Missing Link in Pulsar Evolution Is a Cannibal


A dying star has been caught in the act of resurrecting itself by eating its neighbor.

Together, the stars represent a previously unseen stage in the lifecycle of millisecond pulsars, the fastest-spinning objects in the universe.

“It’s really a missing link in the chain from young pulsar to old pulsar,” said Anne Archibald, a McGill University graduate student and lead author of the study published in Science Thursday.

Pulsars are a special class of neutron stars, the corpses of massive stars that exploded as supernovae. They’re born spinning quickly, up to tens of times per second, and sweep the sky with a beam of radio energy as they rotate. Eventually, they slow down to the point where they can no longer emit radio waves and die a second death.

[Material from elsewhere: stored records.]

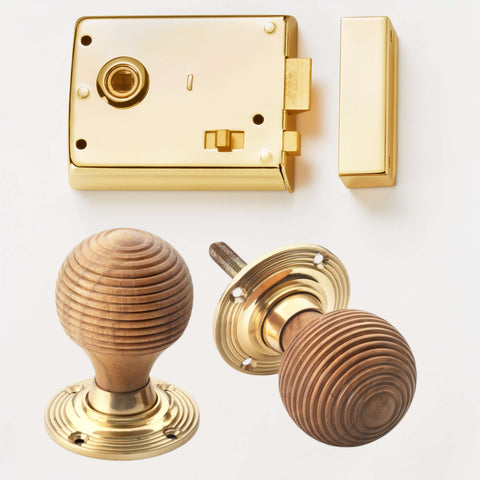 Polished brass rim latch lock with teak and brass beehive door knobs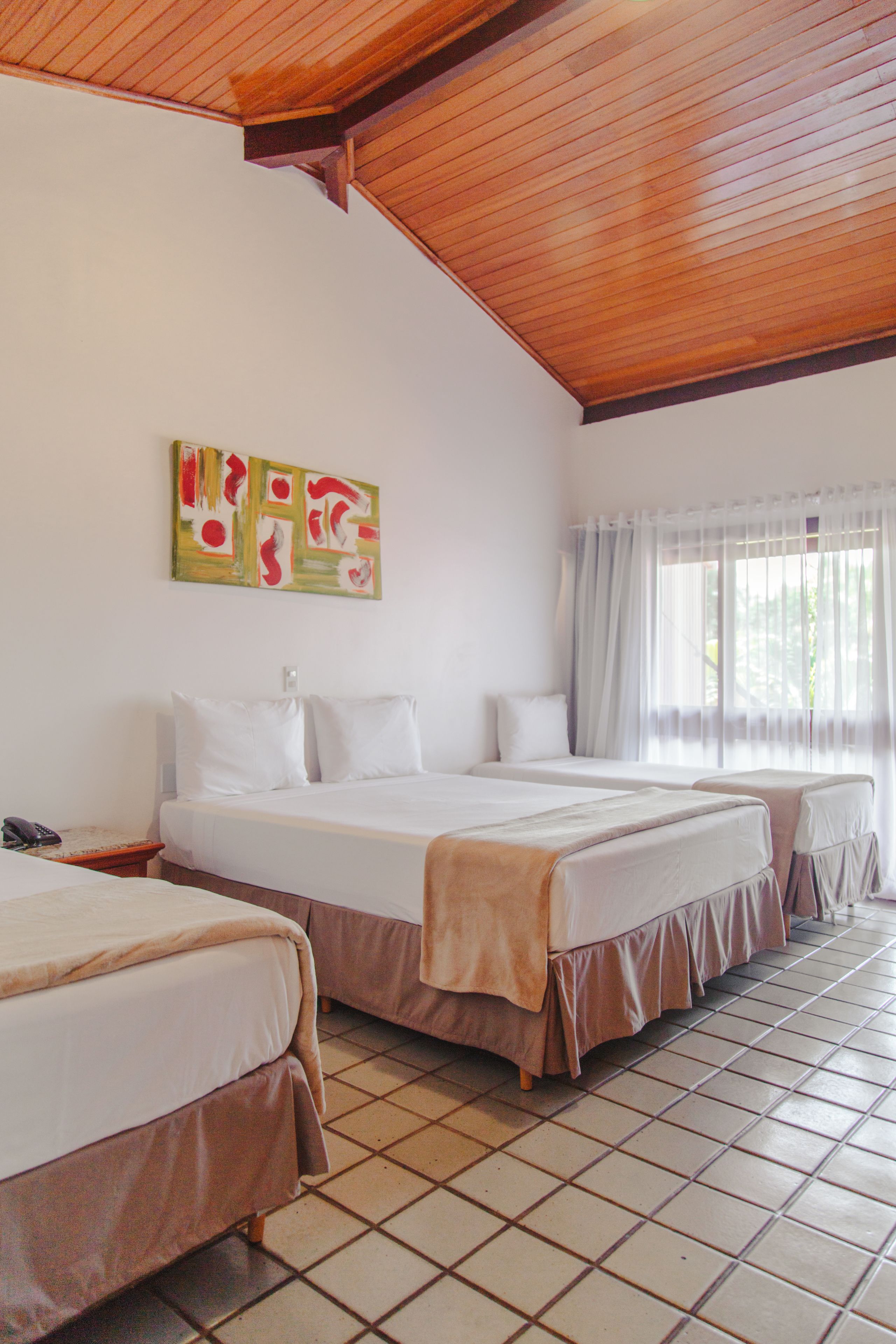 A hotel room with two beds, a wooden ceiling, a tiled floor, and a window with curtains.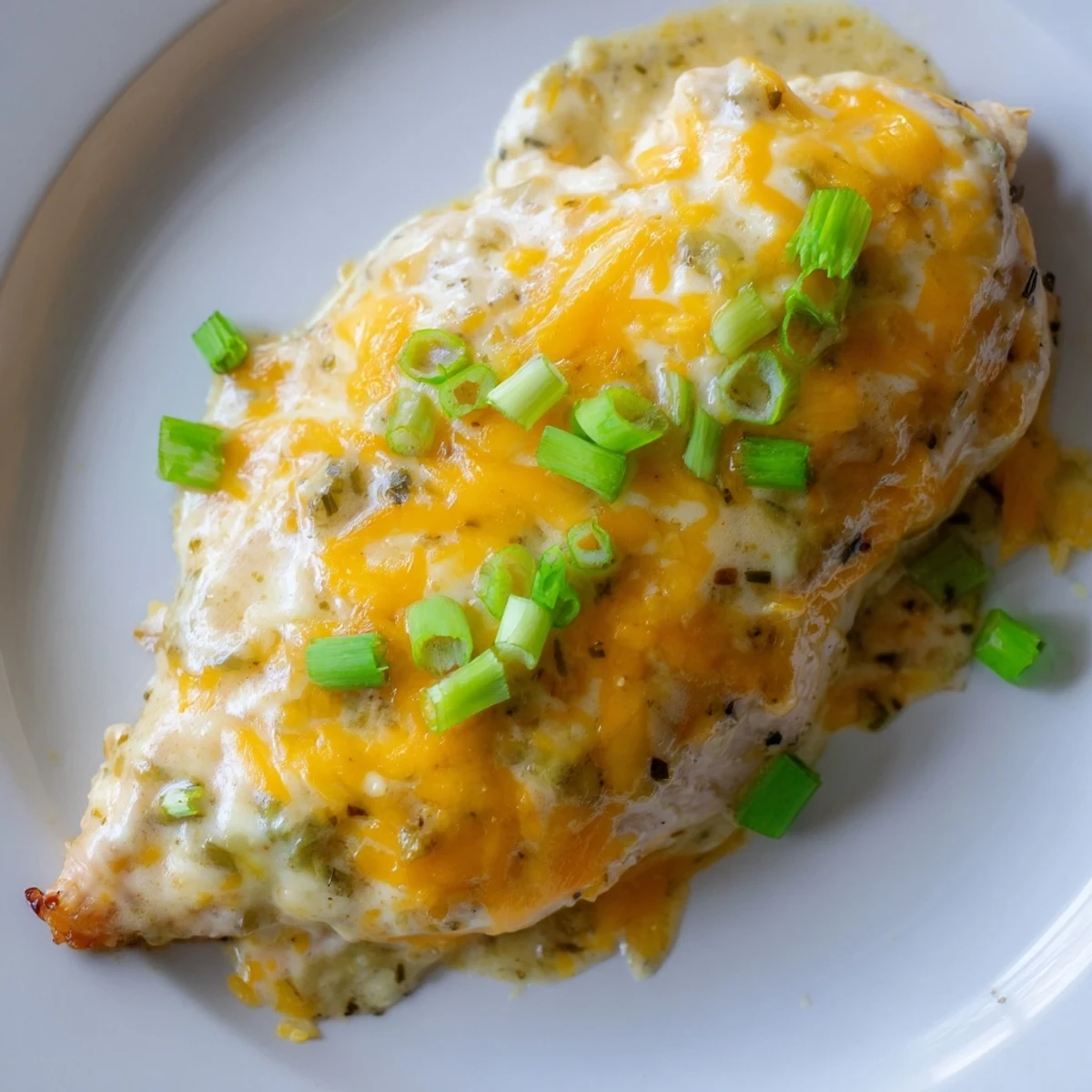 This comforting Sour Cream and Onion Chicken is golden and bubbly, perfect for a weeknight family dinner.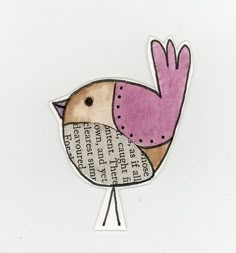 a small bird with pink and brown feathers sitting on top of a piece of paper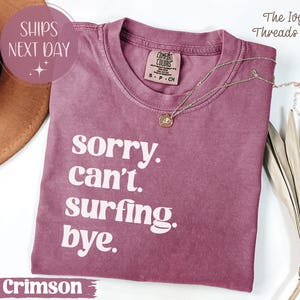 May include: Crimson-colored t-shirt with the text "sorry. can't. surfing. bye." in white. The shirt has a crew neck and a small tag on the collar. A gold necklace with a pendant is draped on the shirt.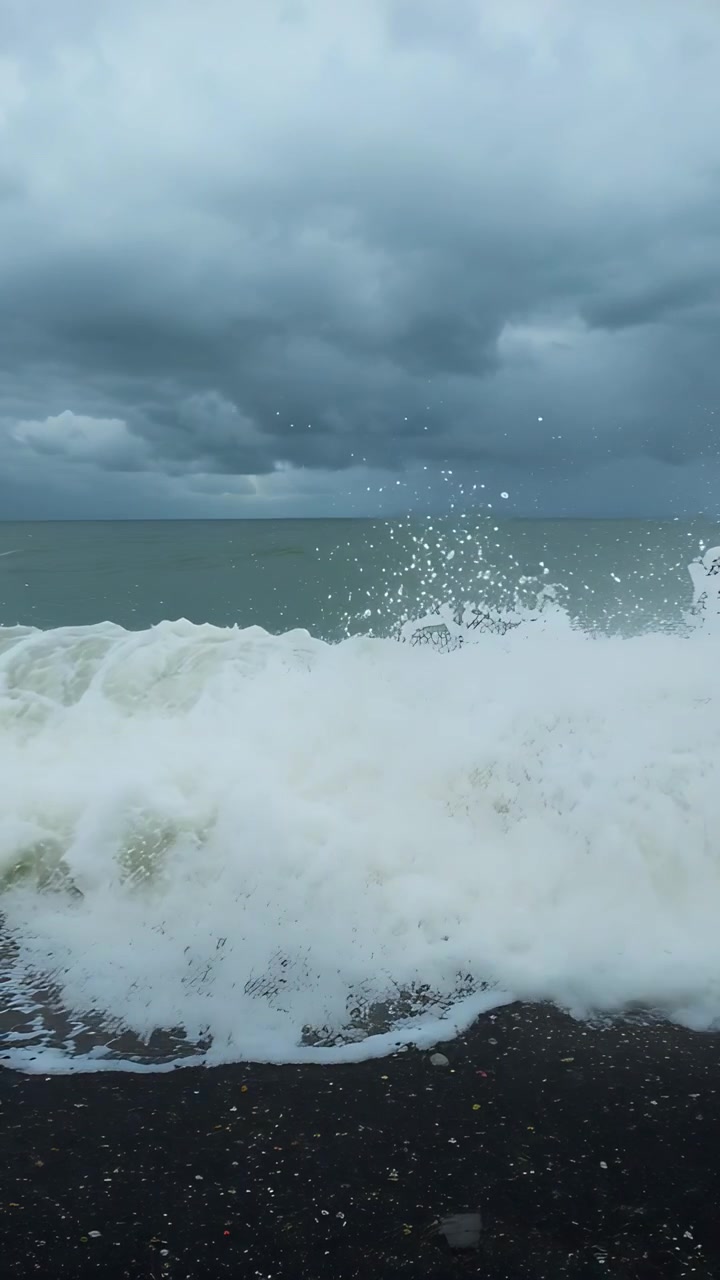 Vertical video: Surging breaking sea wave crashing onto pebble shore from storm swell, making foam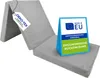 A folded gray mattress with labels indicating certifications and origin. Podgląd zdjęcia produktu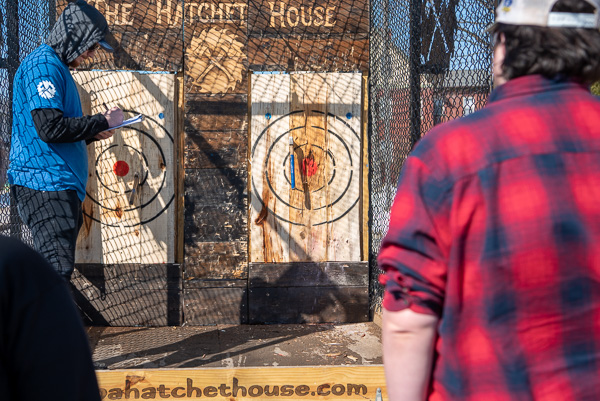 A Hatchet House employee tabulates the scores of two college competitors.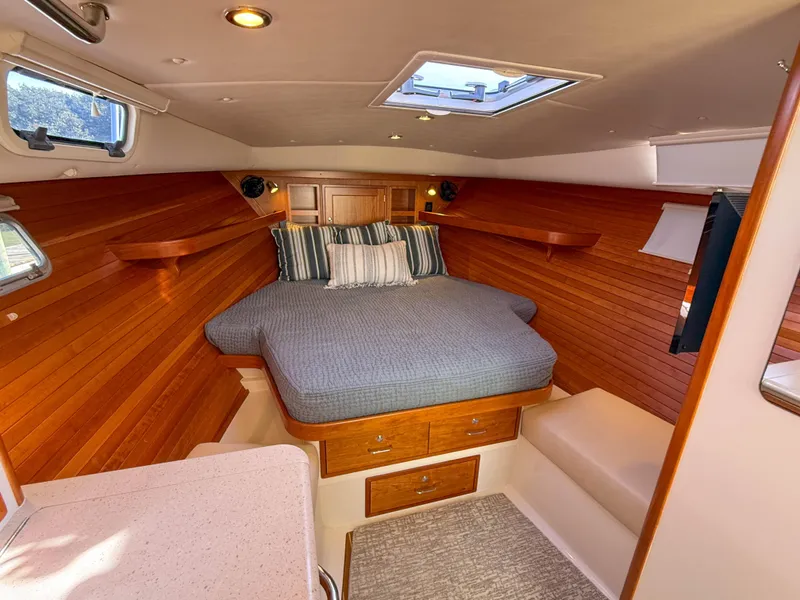 Slide: The Image of Luxurious cabin interior of 2015 MJM 36z Downeast yacht with cozy bed and wood paneling. - 27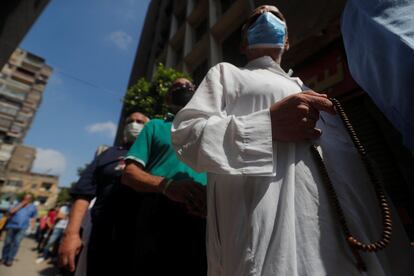 Varias personas con mascarilla hacen cola a las afueras de un colegio en el Cairo, durante la votación para las elecciones al Senado egipcio.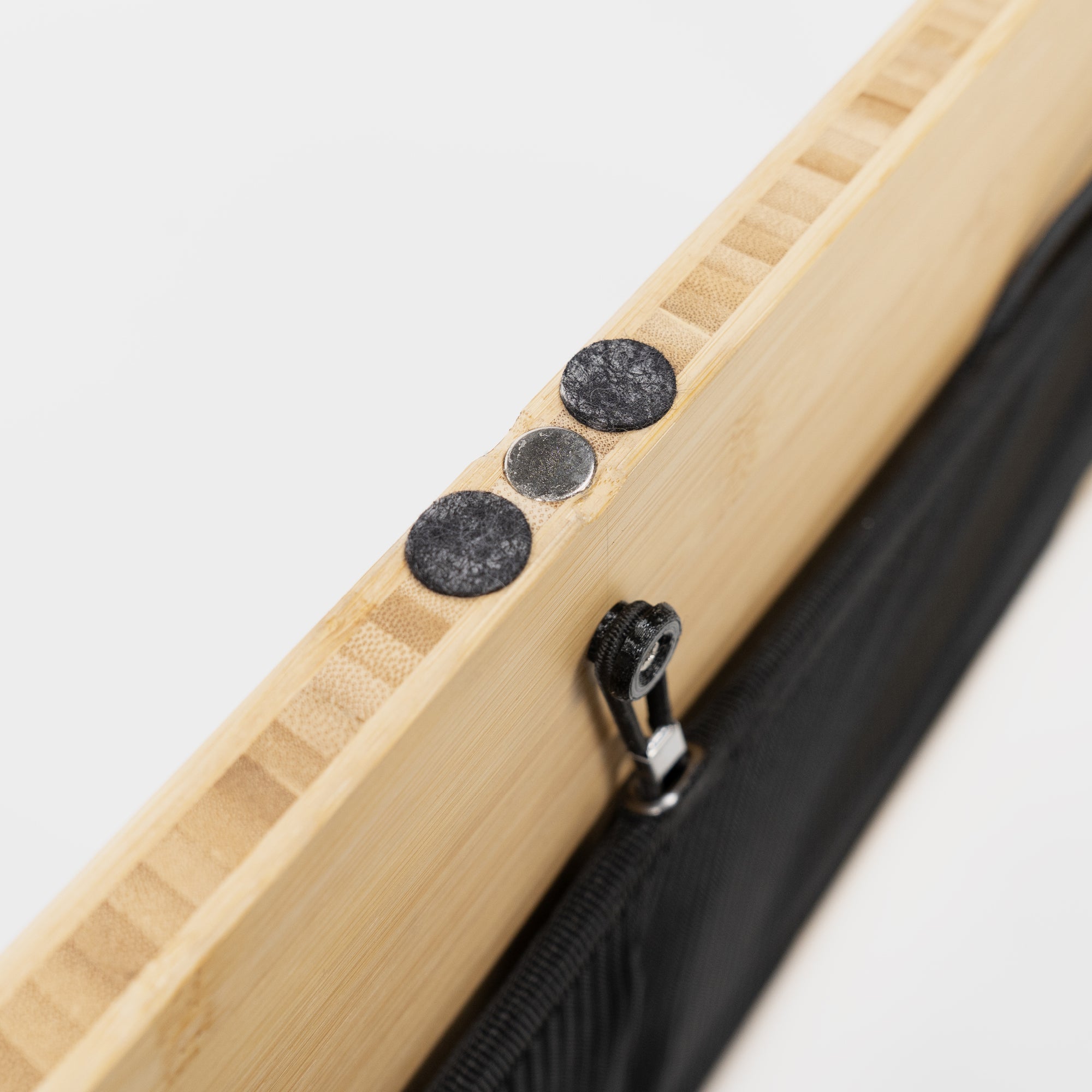 Oberfläche eines Holzbretts aus Bambus mit Klebepunkten und einem Zipper an der Seite.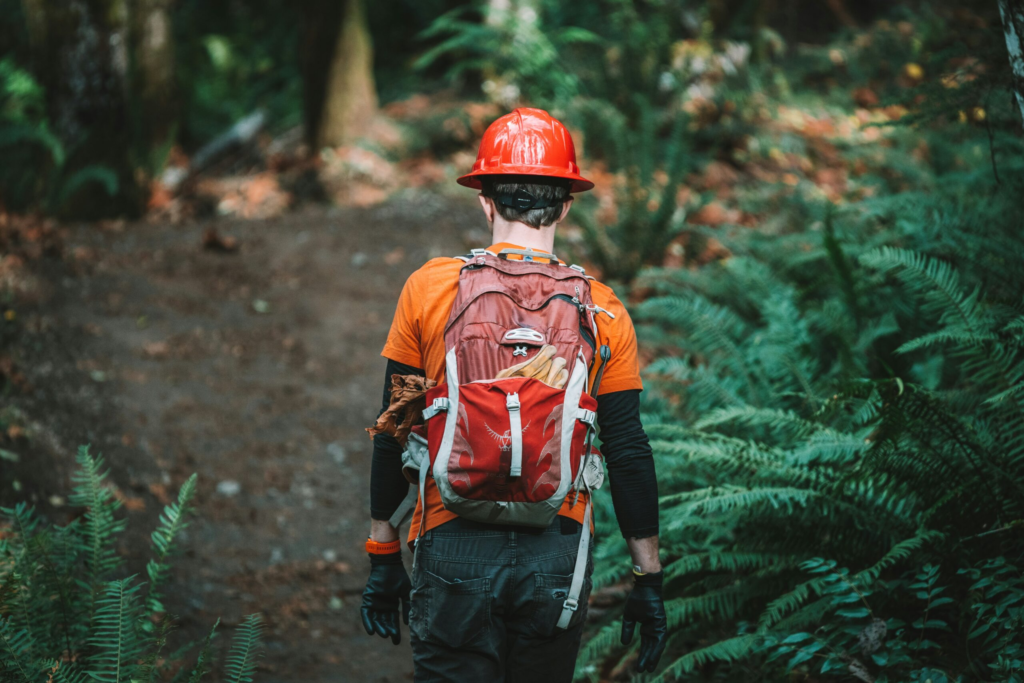 conservation corps member walking a forrest trail with his gear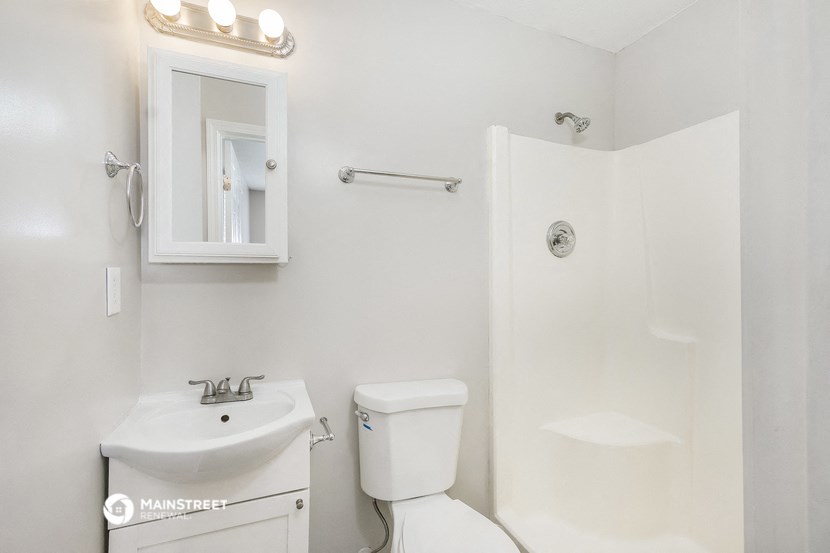 a bathroom with a sink toilet and a shower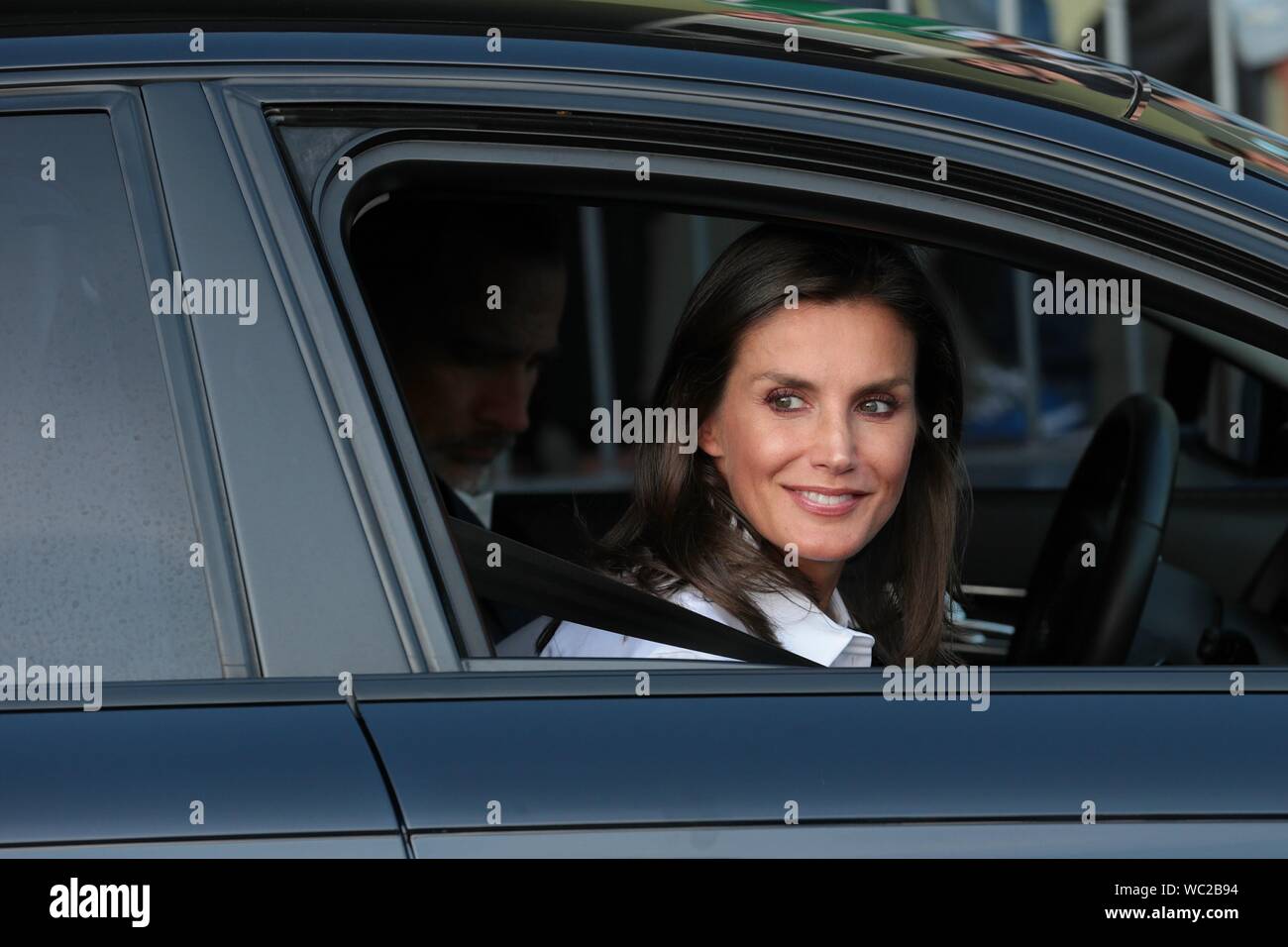 Madrid, Spain. 27th Aug, 2019. Letizia queen spain.Felipe VI and Letizia Reyes de España speak with the press accompanied by their daughters Princess Leonor and the Infanta Sofia in the hospital after visiting King Juan Carlos I, who is recovering from an open heart operation. Credit: dpa picture alliance/Alamy Live News Stock Photo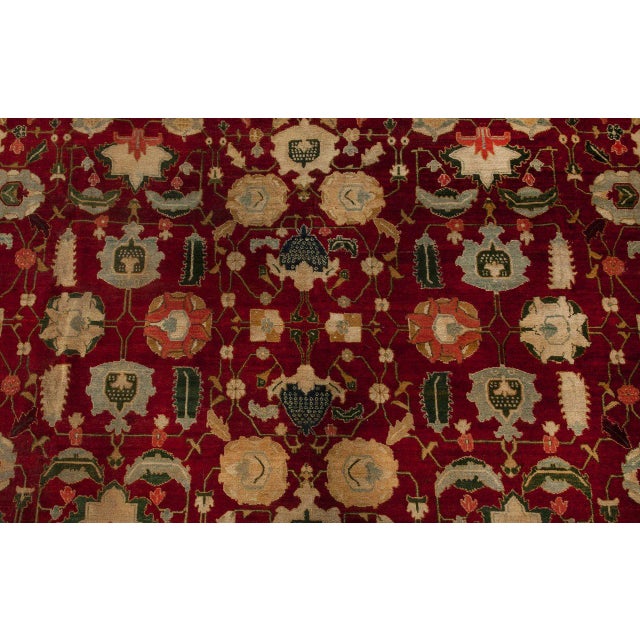 An early 20th century Indian Agra antique rug, the rich red field with a carefully-arranged lattice of palmettes,...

But until now, scientists couldn’t explain how some old, dead pulsars become millisecond pulsars, which rotate hundreds of times a second. The new discovery of an intermediate step between the two appears to be the missing link.

Astronomers have long theorized that these superfast stars share their orbit with a companion star from which they leech extra material. The material settles around the pulsar’s middle in a so-called accretion disk. As material from the disk falls onto the surface of the pulsar, it imparts enough angular momentum to spin back up into what scientists call a ”recycled pulsar.”

“We mean it in the same sense as recycling your plastics,” Archibald said. “These pulsars have died and become invisible and useless to us, but they get brought back to life by getting fed from a companion.”

Astronomers suspect that another type of pulsar-star pair is a way station between normal pulsars and millisecond pulsars. Called a low-mass X-ray binary, such a system is also made up of a neutron star and an accretion disk, but it doesn’t emit radio waves. While the neutron star feeds off its neighbor, the gas flowing between them blocks low-energy radio waves from escaping the system. But when the accretion disk runs out, the radio waves come back, and astronomers can recognize it as a pulsar.

Until recently, this was only a theory. But Archibald and an international team using radio telescopes on four continents, stumbled on just such a pulsar right in the middle of this metamorphosis.

The system, called J1023, was discovered in 2007 when the Green Bank Telescope in West Virginia was down for repairs. The radio telescope couldn’t be steered to different points in the sky, but resourceful astronomers took data anyway, observing whatever happened to pass overhead. That survey uncovered a millisecond pulsar about 4,000 light years away, spinning 592 times per second.

But this wasn’t the first time this system caught astronomers’ attention. Another survey in 1999 missed the pulsar but identified its companion as a sun-like star. When they looked again with radio telescopes in 2000, they saw evidence for an accretion disk around a neutron star. By 2002, the accretion disk had disappeared, but the neutron star was still not emitting radio waves as would be expected of a pulsar.

It was only the 2007 observations that pinned it down as a millisecond pulsar. Astronomers had managed to catch the system changing over the course of 10 years, an eye blink on astronomical timescales.

“This is a completely new thing, seeing it go from one state to another,” said co-author Maura McLaughlin of West Virginia University. “We’ve never seen that before, ever.”

Aside from proving that recycled pulsars form through cannibalism, J1023 provides a living laboratory for studying how these systems evolve.

“Studying this system will teach us an awful lot about the recycling process,” McLaughlin said. “We may see the radio pulsations disappear and come back again a year from now. There are lots of neat things we can do.”

“It’s a bit of a landmark in tying together what we think happens in these dead stars,” said Don Backer, an astronomer at the University of California, Berkeley and one of the discoverers of the first millisecond pulsar. “You can see the transitions and understand more about how both of these stars work. That’s a great deal of fun.”